Carbon credits are part of national and international attempts to stop the increase in greenhouse gases in the atmosphere. One carbon credit is equal to one ton of carbon. Many individuals are now taking an interest in their carbon footprints, trying to lower their usage, as well as trying different ways to offset their usage. Carbon credits are part of an approach to emissions trading. With a certain amount of greenhouse gas allotted to markets, each individual group is given the opportunity to decide how much of a limited amount can be designated to each area. This allows for industries to control the amount of greenhouse gases they are using. This also allows industrial and commercial processes to market in the direction of lower emissions, or utilize approaches that are designed to not emit carbon dioxide and other greenhouse gases into the atmosphere. This helps to finance carbon reduction schemes.

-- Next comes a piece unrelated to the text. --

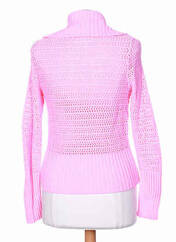Gilet sans manche rose STEFAN GREEN pour femme seconde vue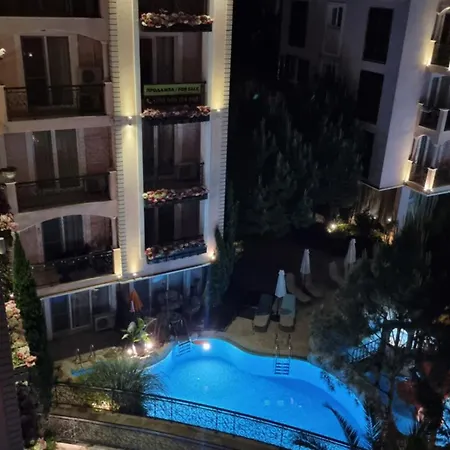 Sunny Sea Dreams Apartmán Sluneční pobřeží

Many companies sell carbon credits. These carbon credits are sold to companies who voluntarily desire to lower their carbon footprint. Carbon credits are purchased from investment funds or carbon development companies. Many of these companies have saved these credits from other individual products and offset themselves and the buyers by selling them. The quality of the credits is based on the validation process, the type of fund, and the development company. The price is also affected by these things. Voluntary units typically have less value than the units sold through the rigorously-validated Clean Development Mechanism.
There are two distinct types of Carbon Credits: Carbon Offset Credits (COCs) and Carbon Reduction Credits (CRCs). Carbon Offset Credits consist of clean forms of energy production, wind, solar, hydro and biofuels. Carbon Reduction Credits consists of the collection and storage of Carbon from the earth’s atmosphere through reforestation, forestation, ocean and soil collection and storage efforts. Both ways are valid and positively recognized, each used in different situations.
Whether or not you decide that the use of carbon credits are for you, it is important to know how to avoid being scammed.
• First and foremost, do your research on the company you are thinking of buying credit from. It is necessary to see if the industrial companies are actually implementing reductions in carbon use and greenhouse emissions or if they are really doing very little.
• They need to have verification. A shortage of verification makes it difficult for buyers to assess the true value of carbon credits. Reliable third party verification is critical.
• Be careful of companies or individuals that are over-pricing their carbon credits. Why are their credits more expensive? What is their value? Have their prices increased or decreased due to changes in their emissions reductions?
Do the research before purchasing carbon credits. It is important to find if the organization has any history of selling worthless credits which do not yield reductions. There is no point in purchasing carbon credits if they do not benefit you or the environment.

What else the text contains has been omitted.